DATASET =
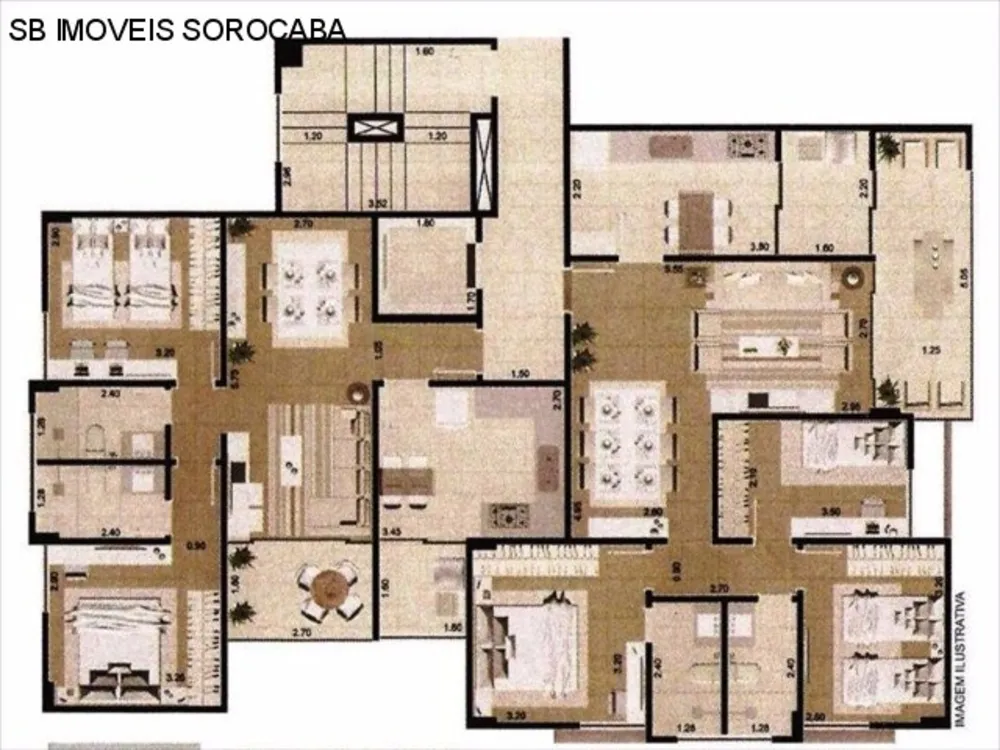 Apartamento, 3 quartos, 84 m² - Foto 1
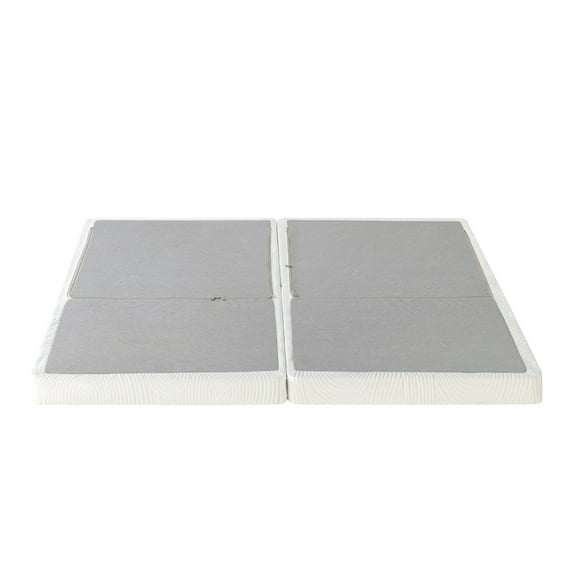 Spa Sensations By Zinus No Assembly 4" Metal Mattress Foundation Box Spring, Split California King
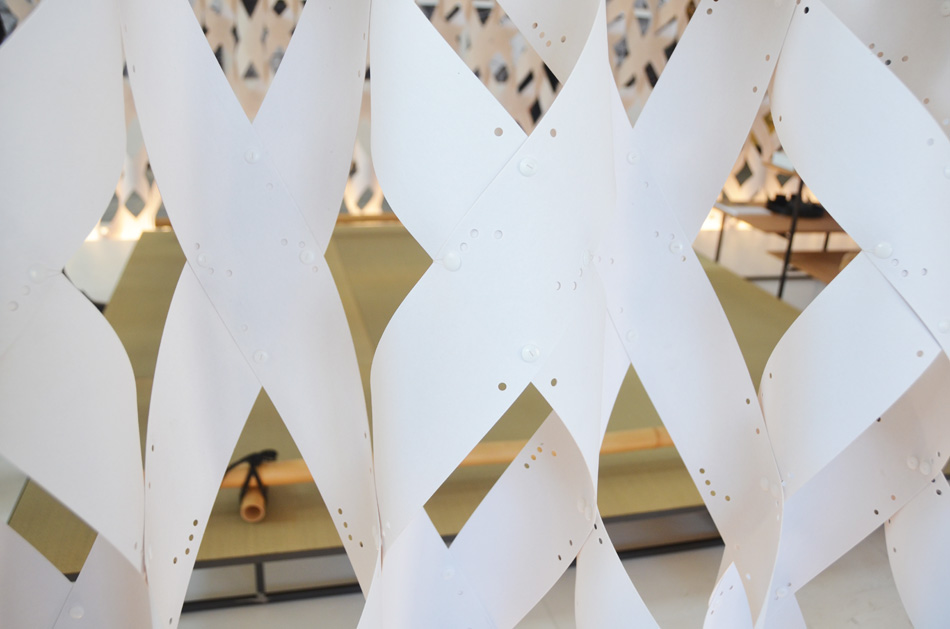 kengo kuma irori kitchenhouse milan design week designboom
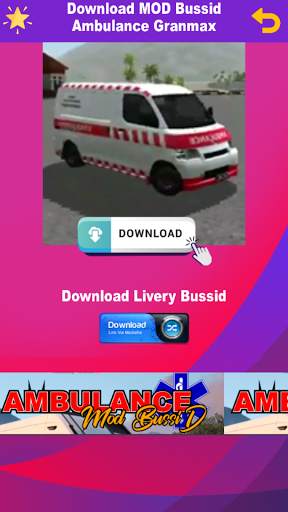 Ambulance Mod Bussid screenshot 7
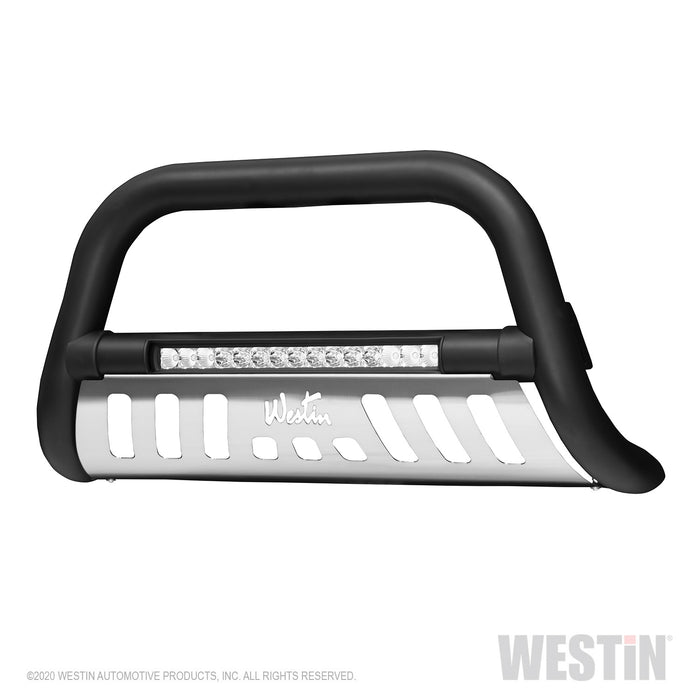 Westin 32-3995L Ultimate LED Bull Bar; Textured Black; - Truck Part Superstore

PROBLEM DETAILS = Write the material out again exactly as it appears, dropping the pictures.

PROBLEM SOLUTION =
 Apartamento, 3 quartos, 84 m² - Foto 1
 Spa Sensations By Zinus No Assembly 4" Metal Mattress Foundation Box Spring, Split California King
 kengo kuma irori kitchenhouse milan design week designboom
 Ambulance Mod Bussid screenshot 7
 Westin 32-3995L Ultimate LED Bull Bar; Textured Black; - Truck Part Superstore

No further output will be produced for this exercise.